U.S. President Barack Obama’s current Asia trip isn’t taking him to China but China will be its recurring theme. The country sits at the heart of Washington’s Asia policy. President Hu Jintao will anyway meet his American counterpart twice, at the APEC and G-20 summits in Yokohama and Seoul respectively. Significant security and economic issues will be on their agenda, with China’s neighbors now seeing the U.S. as a more necessary counterweight to Beijing’s increasing regional assertiveness in both realms.
Free-trade is one area in which this will most immediately play-out with the U.S. seeking to advance its four proposed bilateral free trade agreements in the region, particularly the one with South Korea, which has the most chance of happening. The U.S. is also fiddling around with expanding the amorphous Trans-Pacific Strategic Economic Partnership Agreement (TPP) under its leadership. The TPP has a long-term aim of bringing all countries with a Pacific coast into a free-trade zone, and is emerging in the eyes of some in Washingtonas an alternative to the pan-regional free-trade proposal of the APEC forum. America has a strong voice in APEC, but the grouping is informal and lacks an institutional mechanism to bring about any free-trade agreement.
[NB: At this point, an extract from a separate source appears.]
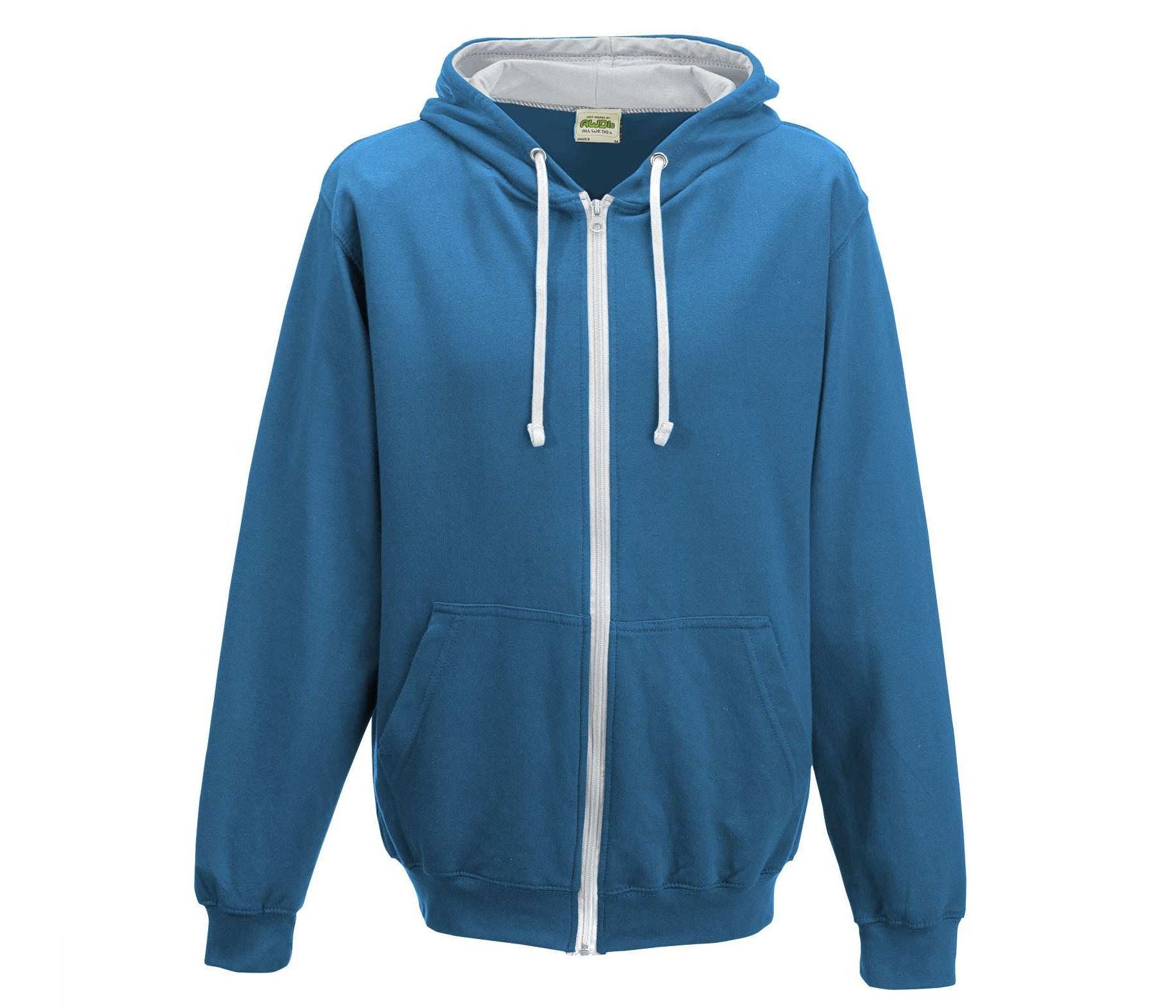 Sweat Capuche Zippé Contrasté - Sapphire Blue/heather Grey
Meanwhile, Beijing is looking closer to home, where its own voice carries more weight. It has thrown its lot in with the 10-member Association of Southeast Asian Nations (ASEAN) and its free trade plans that would include its members plus China, Japan and South Korea (who are also working on their own free-trade agreement). The so-called 10+3 will be up and running before any grander pan-Pacific arrangements, and possession, as they say, is nine-tenths of the law.
The counties of the Asia-Pacific account for 44% of global trade and 53% of global GDP so any free-trade initiatives in the region have global ramifications. Beyond the geo-politics, Obama needs more free-trade agreements in the region if he is to have any hope of meeting his promise to double U.S. exports by 2015. However, as the North American Free Trade Agreement (NAFTA) showed, free-trade agreements run readily into the realities of domestic American politics, too.
However this will all play out, it will do so against the backdrop of continuing trade and currency tensions between Washington and Beijing. While they may not get much worse they are unlikely to get much better in the coming months. Beijing is proving adept at shaking off Washington’s attempts at arm twisting over the revaluation of the yuan. Witness U.S. Treasury Secretary Timothy Geithner’s failed effort to get the G-20 to set targets for current-account balances. A lame-duck Democratic Congress might try to pass the Currency Reform for Fair Trade Act, which is aimed squarely at China. However, if it succeed, the U.S. Senate is unlikely to pass it and even if it did President Obama would most likely veto it ahead of the planned state visit of President Hu Jintao in January. The incoming Republican-controlled U.S. House of Representatives would likely let the legislation die on the vine, but not necessarily without some noise from some of its newcomers. Neither outcome provides balm for Sin0-American tensions.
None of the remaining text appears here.